Manaslu Frequently Asked Questions

What is the skill level of this climb?

Climbers should have successfully completed our 6 Day Beginner Mountaineering Course and Denali Climb, or have equivalent skills and experience. Manaslu is excellent preparation for a summit attempt of Mt. Everest and is the logical choice for those who wish to embrace and climb an 8,000-meter Himalayan peak. This expedition teaches valuable climbing skills, high-altitude management techniques, and lessons for the use of oxygen systems and staying healthy at extreme altitudes. Climbers who have been successful on Denali or comparable peaks are typically prepared to join a guided ascent on Manaslu. Climbers must have solid cramponing skills, be able to rappel with a pack on, and use ascenders on a fixed line. We place a high degree of responsibility on our climbers to prepare for the challenges of the ascent and the safety of their fellow team members. We encourage you to contact us with questions, and please feel free to speak with former expedition members.

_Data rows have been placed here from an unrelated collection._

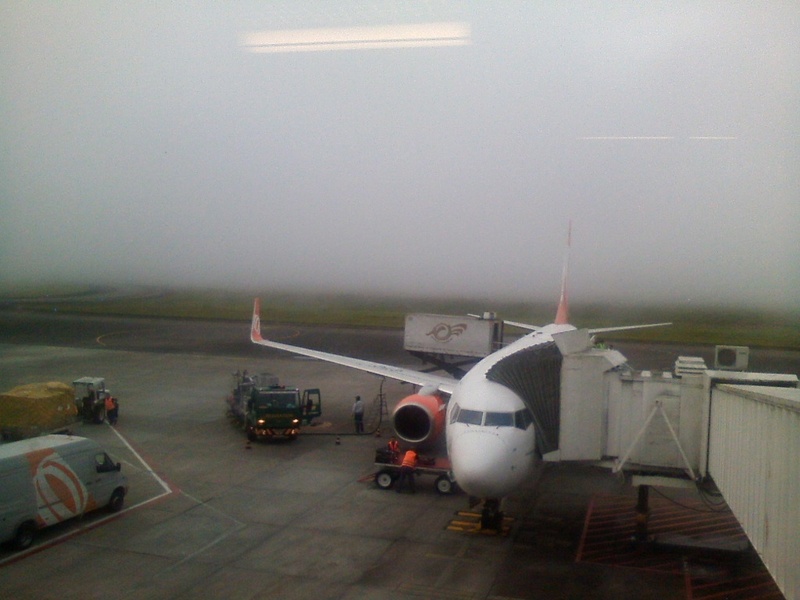 Forte neblina sobre o aeroporto de Manaus - dense fog over Manaus airport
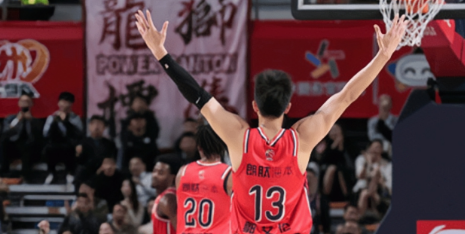 郭艾伦在直播当中再谈自己被骗的谣言。近日网传郭艾伦被骗上千万引发热议，而郭艾伦也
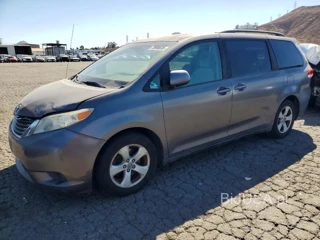 TOYOTA SIENNA LE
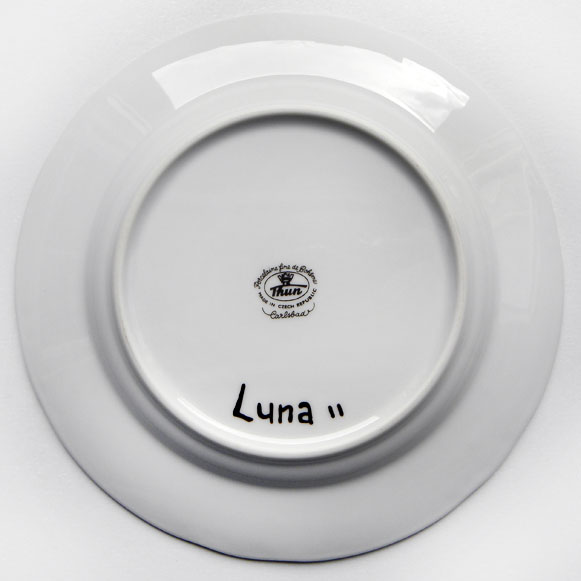 Signature. Hand Painted Plate. Porcelaine Fine de Boheme. 2011.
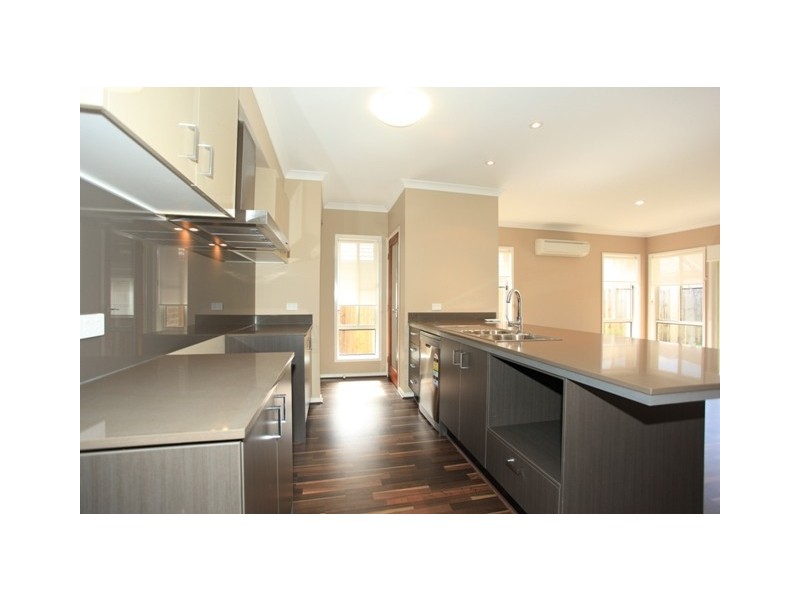 4 Wallis Circuit, North Lakes QLD 4509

What is the physical conditioning level needed for this climb?

Climbers must be in excellent physical condition. This is a long expedition requiring patience, stamina, mental fortitude, and strong willpower. Summit day can be 12 hours long.

Any tips on how climbers can maximize their chances of success?

Along with the required climbing skills, review cardio training on the Training page of our website. We strongly recommend following the advice of our guides to acclimatize properly.

Who is the guiding team composed of (How many guides? Climber-to-guide ratio?)

Your expedition leader will be one of our International Mountain Guides. They will have along as many assistant guides, climbing Sherpa, porters, and cooks as necessary to ensure a low climber-to-guide ratio.

What is the best season to climb / which dates will have the most chance for success?

The best time to climb Manaslu is in the Fall, August-October.

How many climbers are on this expedition?

Generally, our maximum for this climb is 10 climbers plus guides and Sherpa.

Will I be sharing a tent or lodging with other climbers?

During the trek we will be lodging in teahouses. Climbers will either share a teahouse room or may have a private room. In Base Camp, each climber will have their own tent. Above Base Camp, in camps I–IV, climbers will share tents.

How much will my pack weigh?

During the trek, team members will only carry gear and supplies for the day. At no point do climbers carry camping gear or equipment for overnight during the trek. Daypacks will weigh no more than 20 lbs. Above Base Camp on the climb, we will typically carry packs that weigh 20–30 lbs. At no point will your pack weigh more than 50 lbs.

What gear will I need?

Please review the Gear List.

How does your gear rental system work?

Those requesting rental gear must submit an expedition rental form with payment by fax or mail. All rental gear will be mailed to the climber prior to the climb. Climbers are expected to clean all rental gear and return it to us by mail following the expedition.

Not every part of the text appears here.